DIRECTIONS FOR THIS TASK: With pictures left out, output exactly the lines of the listing below from the line that has "en la extensión" to the line that has "thumbnail image 5", both lines kept.

Start of SUPPLIED DATA

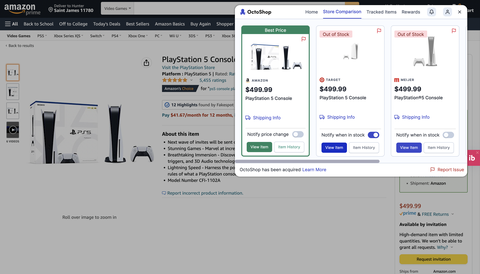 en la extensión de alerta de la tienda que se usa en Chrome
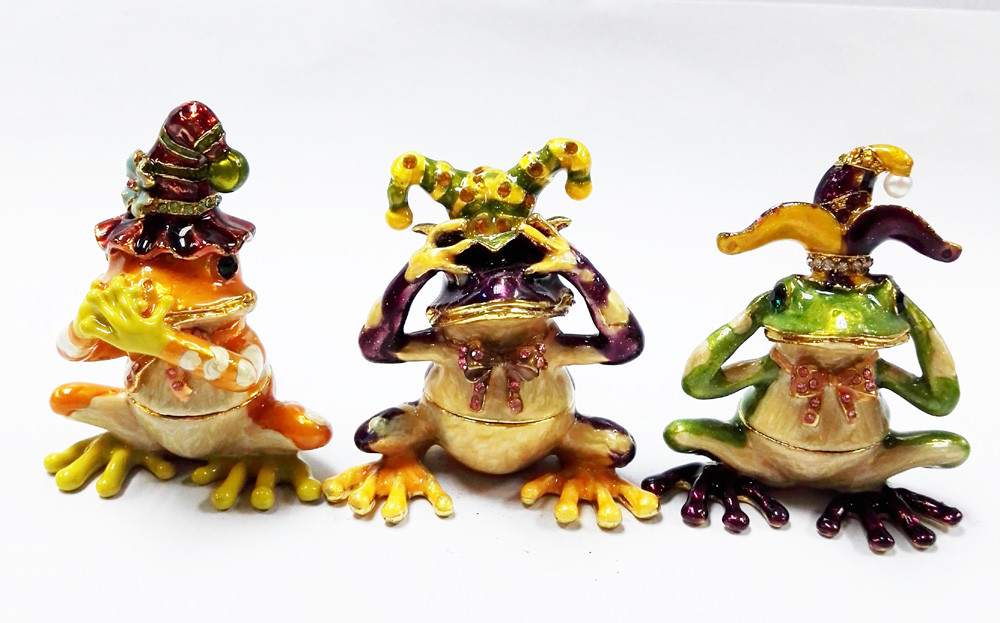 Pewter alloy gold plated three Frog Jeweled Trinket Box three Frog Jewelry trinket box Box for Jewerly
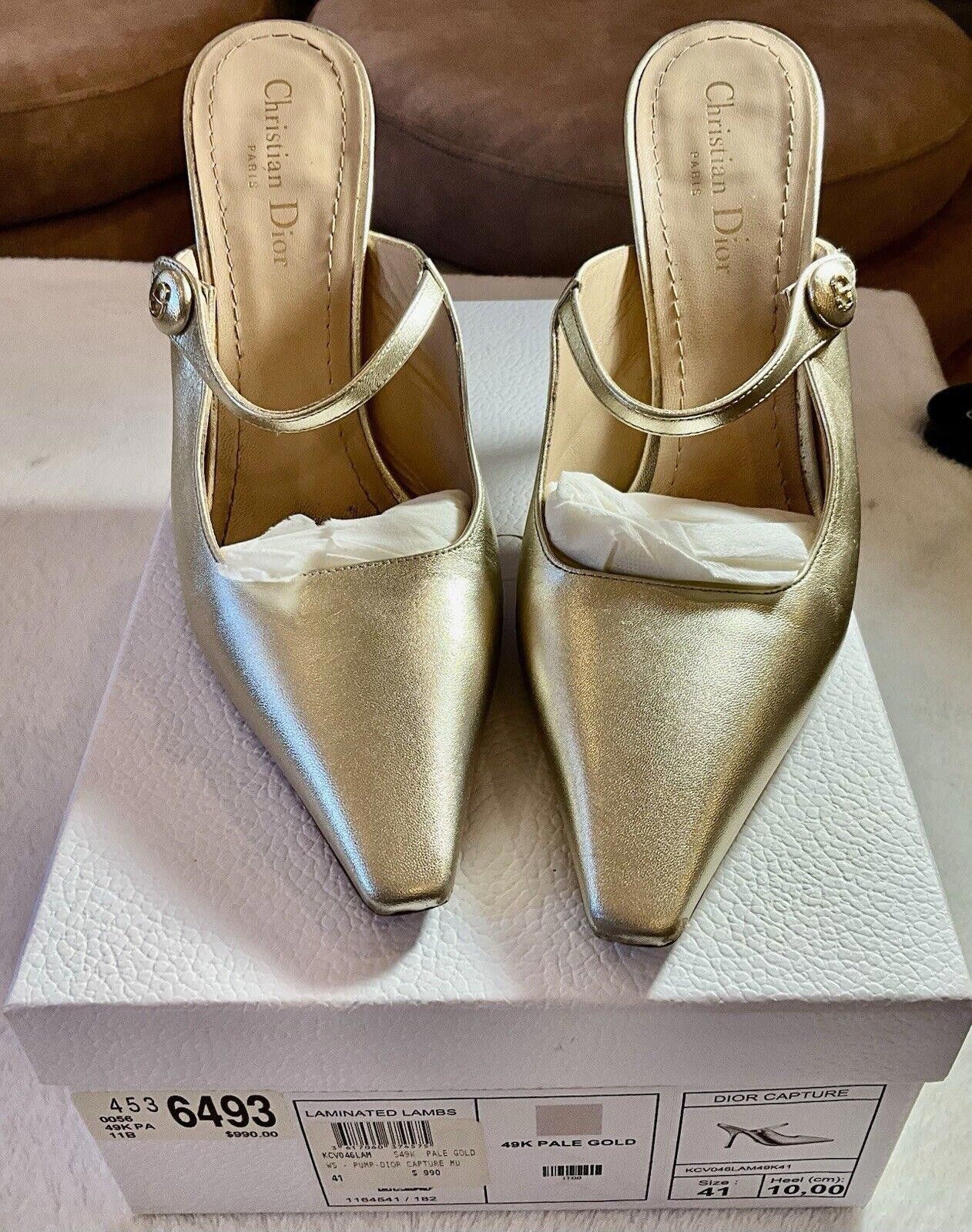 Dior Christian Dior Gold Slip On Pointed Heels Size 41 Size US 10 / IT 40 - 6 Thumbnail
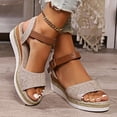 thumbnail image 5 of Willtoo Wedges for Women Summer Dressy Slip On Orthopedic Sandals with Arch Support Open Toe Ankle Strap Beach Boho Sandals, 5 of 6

End of SUPPLIED DATA
Start of SUPPLIED DATA

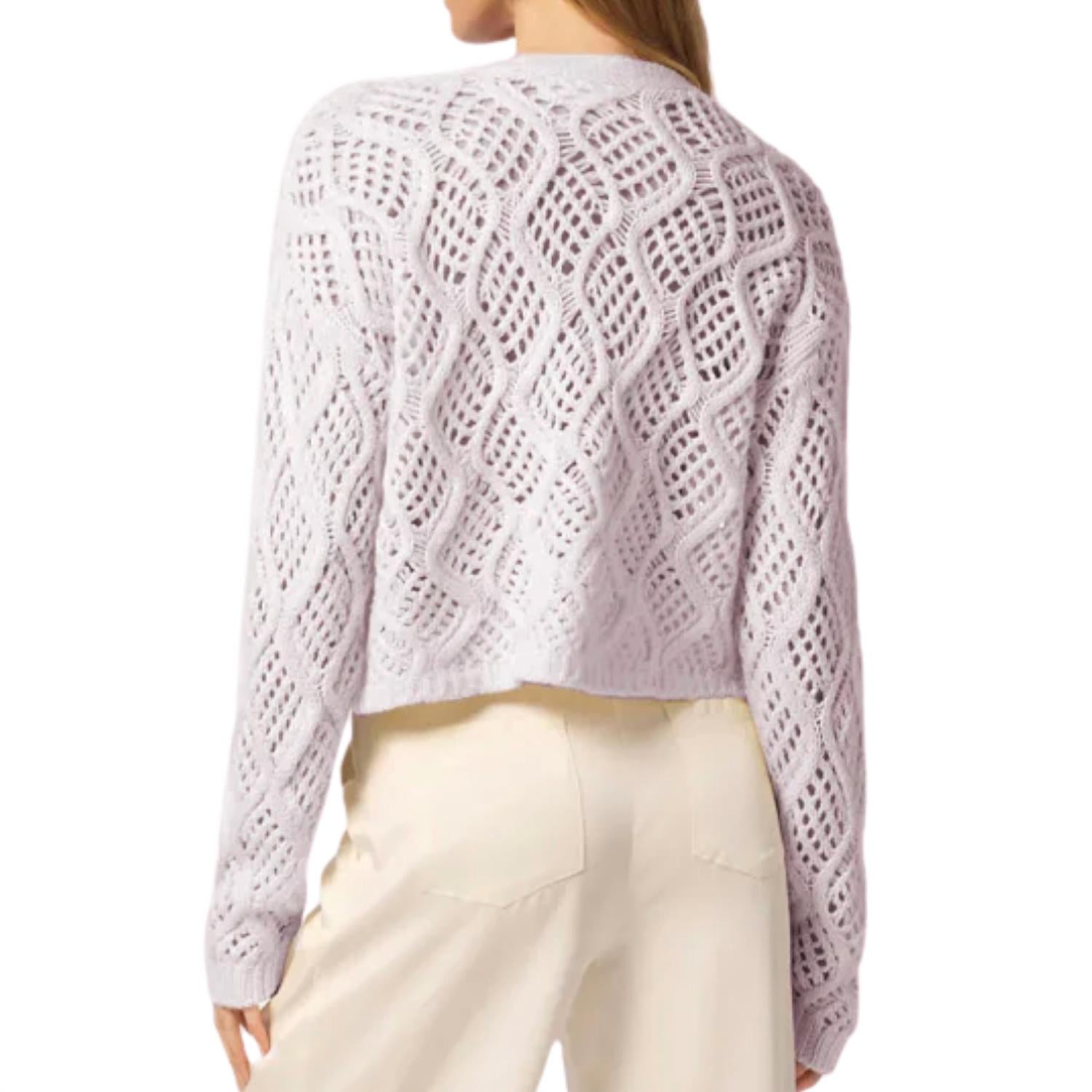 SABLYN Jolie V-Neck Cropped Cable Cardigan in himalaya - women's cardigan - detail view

End of SUPPLIED DATA

FINISHED EXERCISE:
 en la extensión de alerta de la tienda que se usa en Chrome
 Pewter alloy gold plated three Frog Jeweled Trinket Box three Frog Jewelry trinket box Box for Jewerly
 Dior Christian Dior Gold Slip On Pointed Heels Size 41 Size US 10 / IT 40 - 6 Thumbnail
 thumbnail image 5 of Willtoo Wedges for Women Summer Dressy Slip On Orthopedic Sandals with Arch Support Open Toe Ankle Strap Beach Boho Sandals, 5 of 6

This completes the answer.